Credit default swaps, of course, do just that and
presumably in the process embody all relevant market
prices of the financial instruments issued by
potential borrowers.
Price trends of default swaps have
been particularly sensitive to concerns about
corporate governance in recent months. The perceived
risk of default of both financial and nonfinancial
firms has risen markedly in the wake of
company-threatening scandals, though levels remain
moderate for most.
* * *
Derivatives, by construction, are
highly leveraged, a condition that is both a large
benefit and an Achilles' heel. The benefits of risk
dispersion are accomplished without holding massive
positions in the underlying financial instruments.
Yet, too often in our financially checkered past, the
access to such leverage has induced speculative
excesses that have led to financial grief.
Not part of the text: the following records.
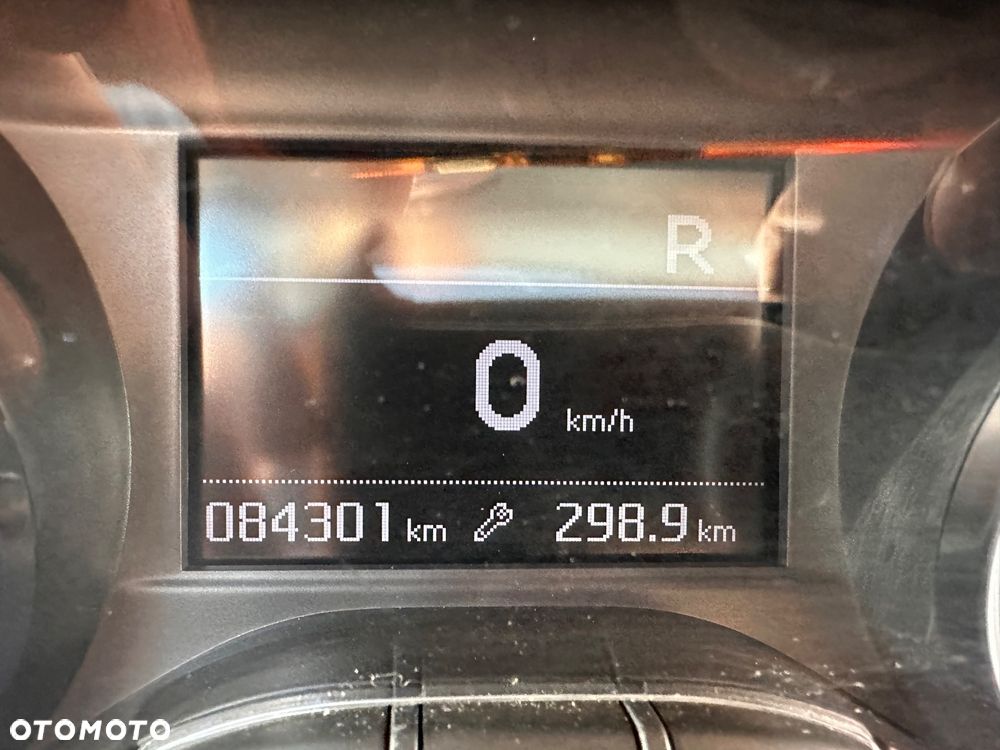 Peugeot 208 PureTech 110 Stop & Start EAT6 Signature - 12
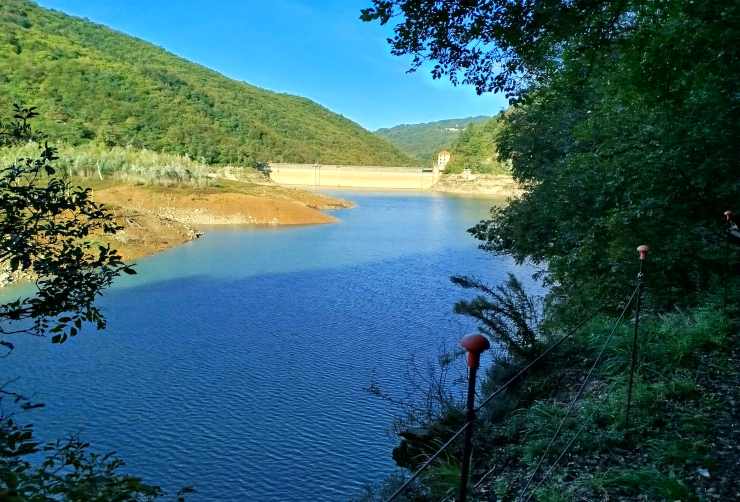 Diga del Lago di Val Noci Montoggio 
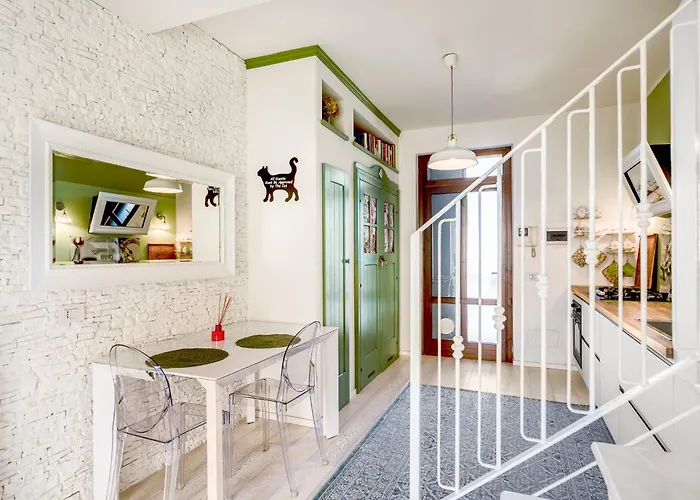 Bright Loft - Free Private Parking Apartment *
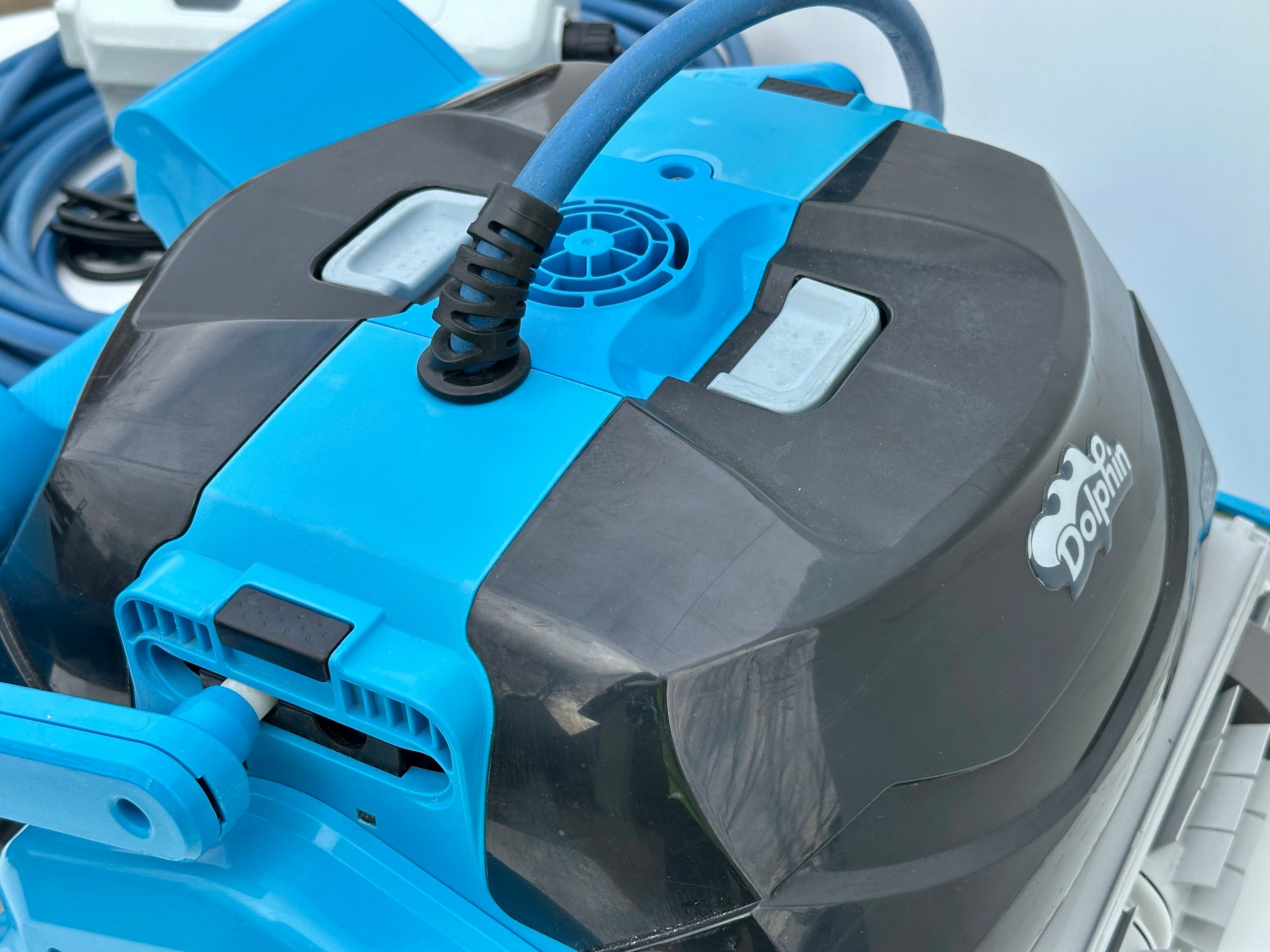Robot piscine Dolphin Maytronics F60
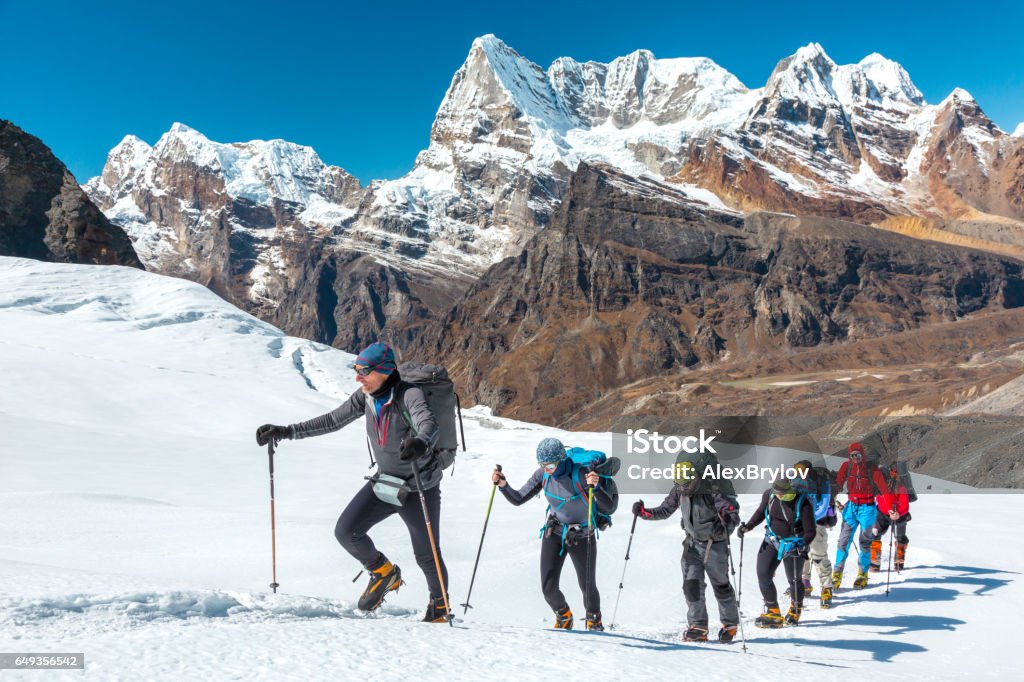 Aventureiras pessoas fazendo escalada de alta montanha, caminhadas no glaciar - Foto de stock de Montanhismo royalty-free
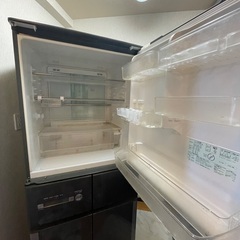 シャープ　両開き冷蔵庫の画像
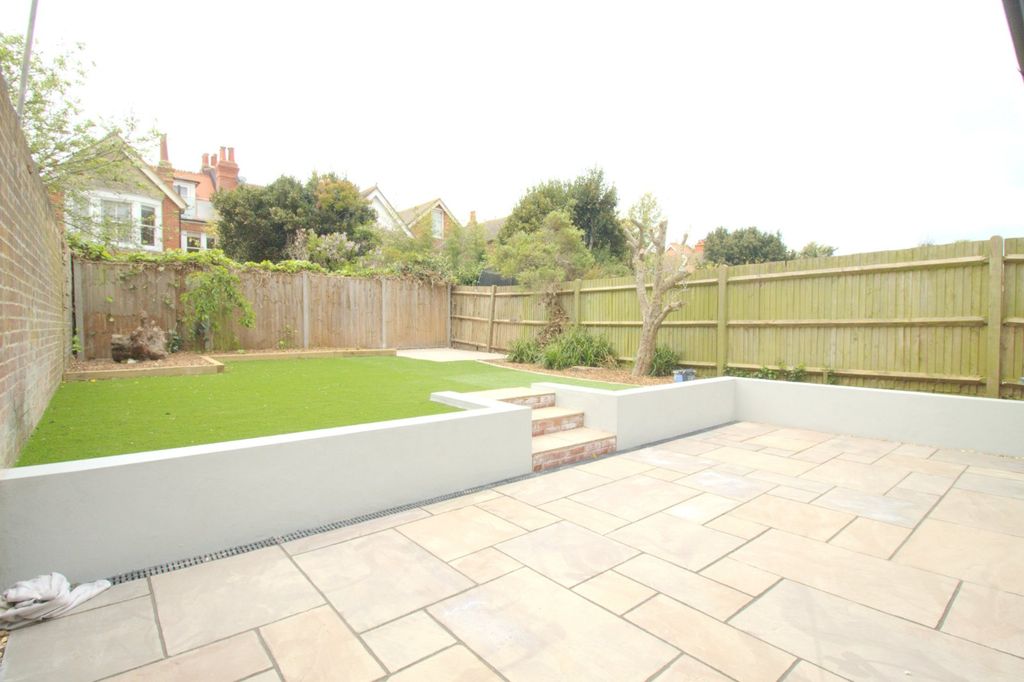 Property photo 2 of 19 Garden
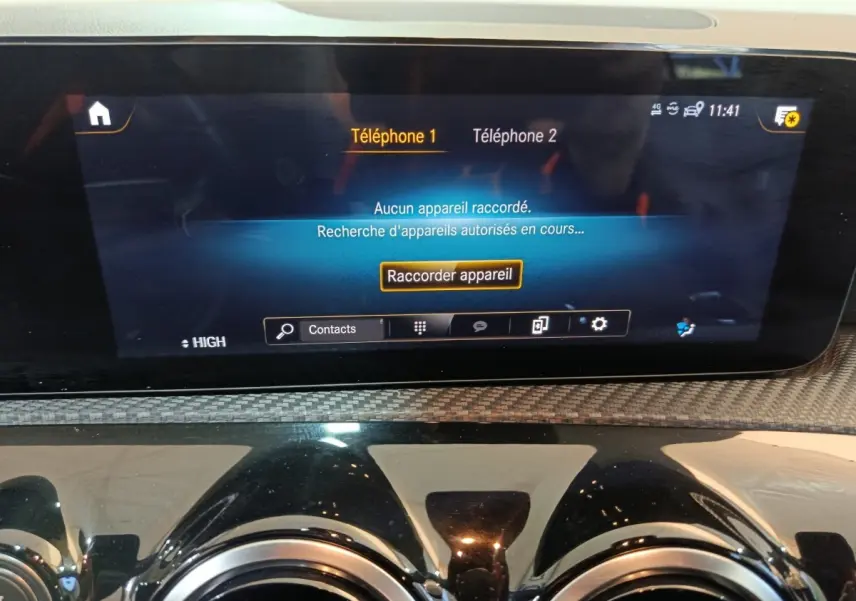 Écran tactile central affichant la connexion Bluetooth dans l'habitacle d'une Mercedes Classe A bleu.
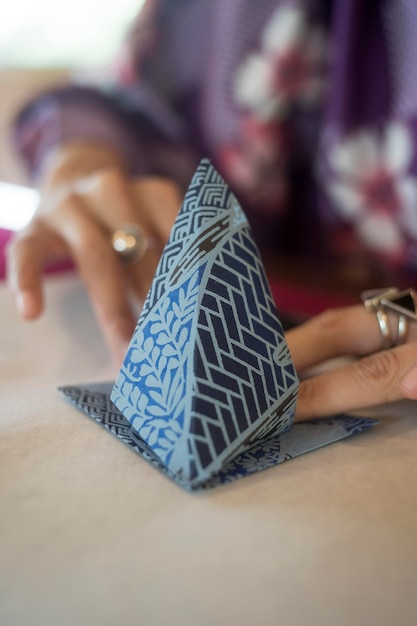無料写真 和紙で折り紙を作る女性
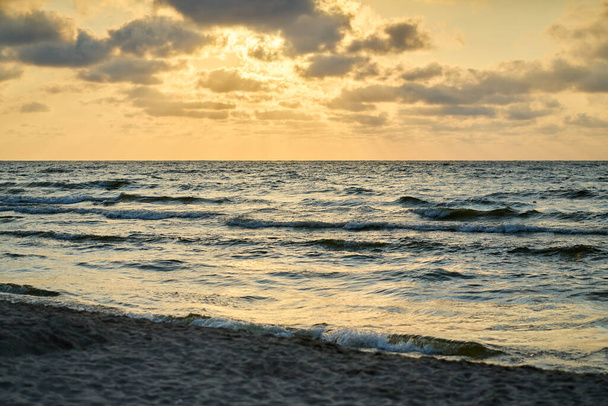 Епічний темний захід сонця небо над морським узбережжям після бурі.  - Фото, зображення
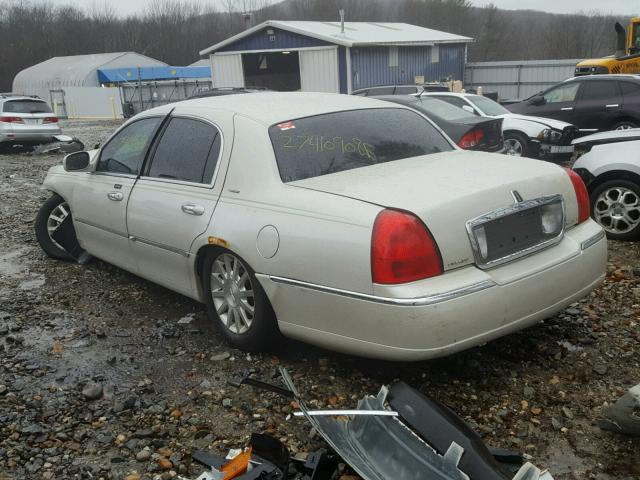 1LNHM81V67Y628944 - 2007 LINCOLN TOWN CAR S WHITE photo 3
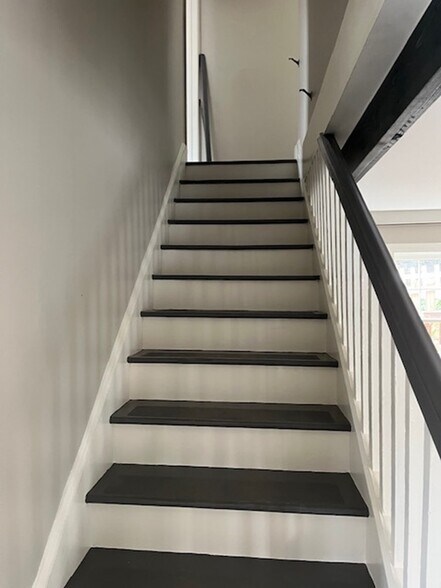 More Photos Of 406 Mill St, Occoquan Freestanding For Lease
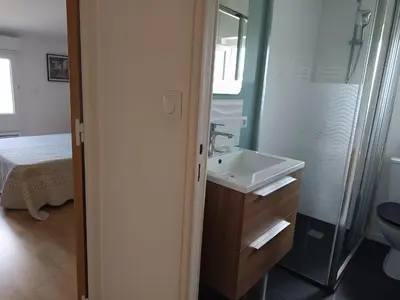 Salle de bains dans l'établissement Gîte 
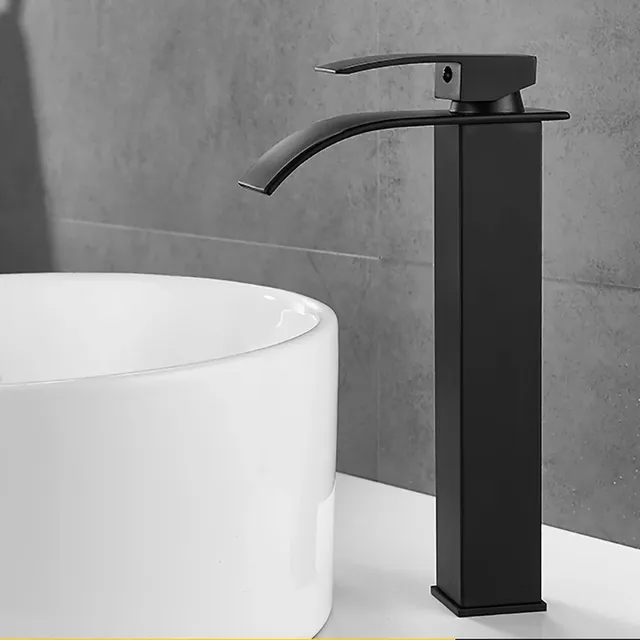 Lavabo cascade monté sur pont – vue 3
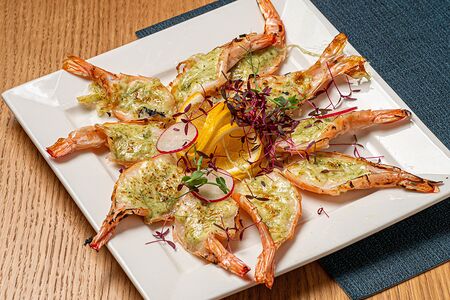 Креветки с кавказским сыром и соусом песто 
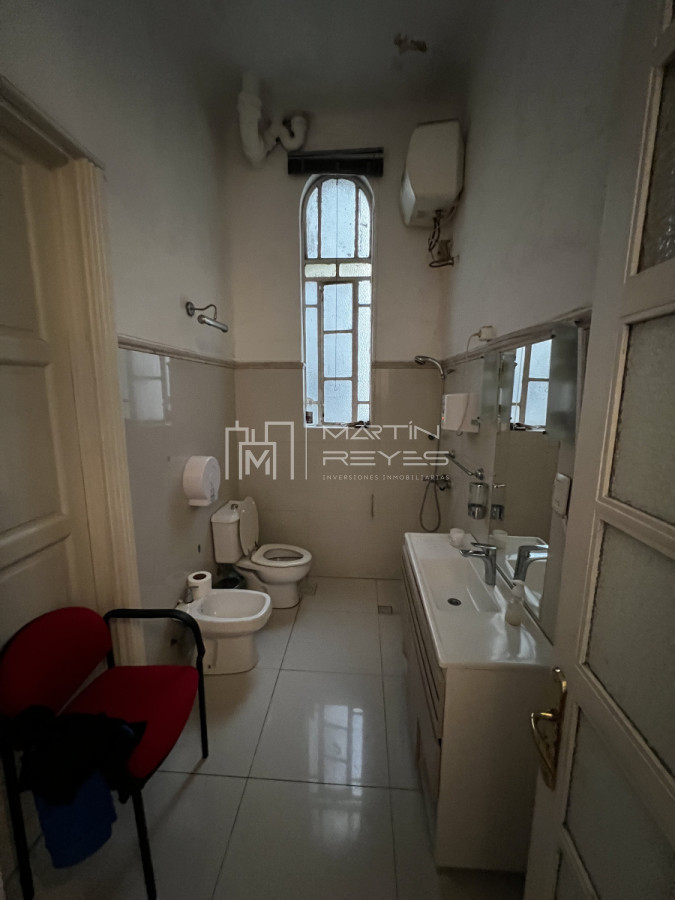 Apartamento ID.1125 - Venta Departamento de 14 Dormitorios sobre 18 de Julio (cod 1125)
We are
scarcely likely to reform the underlying human traits
that lead to excess, but we do need to buttress our
risk-management capabilities as best we can to delimit
such detours from the path of balanced growth.
More fundamentally, we should
recognize that if we choose to enjoy the advantages of
a system of leveraged financial intermediaries, the
burden of managing risk in the financial system will
not lie with the private sector alone. Leveraging
always carries with it the remote possibility of a
chain reaction, a cascading sequence of defaults that
will culminate in financial implosion if it proceeds
unchecked. Only a central bank, with its unlimited
power to create money, can with a high probability
thwart such a process before it becomes destructive.
Hence, central banks have, of necessity, been drawn
into becoming lenders of last resort.
But implicit in such a role is the
assumption that the burden of risk arising from
extreme outcomes will in some way be allocated between
the public and private sectors. Thus, central banks
are led to provide what essentially amounts to
catastrophic financial insurance coverage. Such a
public subsidy should be reserved for only the rarest
of occasions. If the owners or managers of private
financial institutions were to anticipate being
propped up frequently by government support, it would
only encourage reckless and irresponsible practices.
In theory, the allocation of
responsibility for risk bearing between the private
sector and the central bank depends upon the private
cost of capital. To attract capital, or at least
retain it, a private financial institution must earn
at minimum the overall economy's rate of return,
adjusted for risk. In competitive financial markets,
the greater the leverage, the higher must be the rate
of return on the invested capital before
adjustment for risk.
If private financial institutions
have to absorb all financial risk, then the degree to
which they can leverage will be limited, the financial
sector smaller, and its contribution to the economy
more limited. On the other hand, if central banks
effectively insulate private institutions from the
largest potential losses, however incurred, increased
laxity could threaten a major drain on taxpayers,
excess creation of money by the central bank, or both.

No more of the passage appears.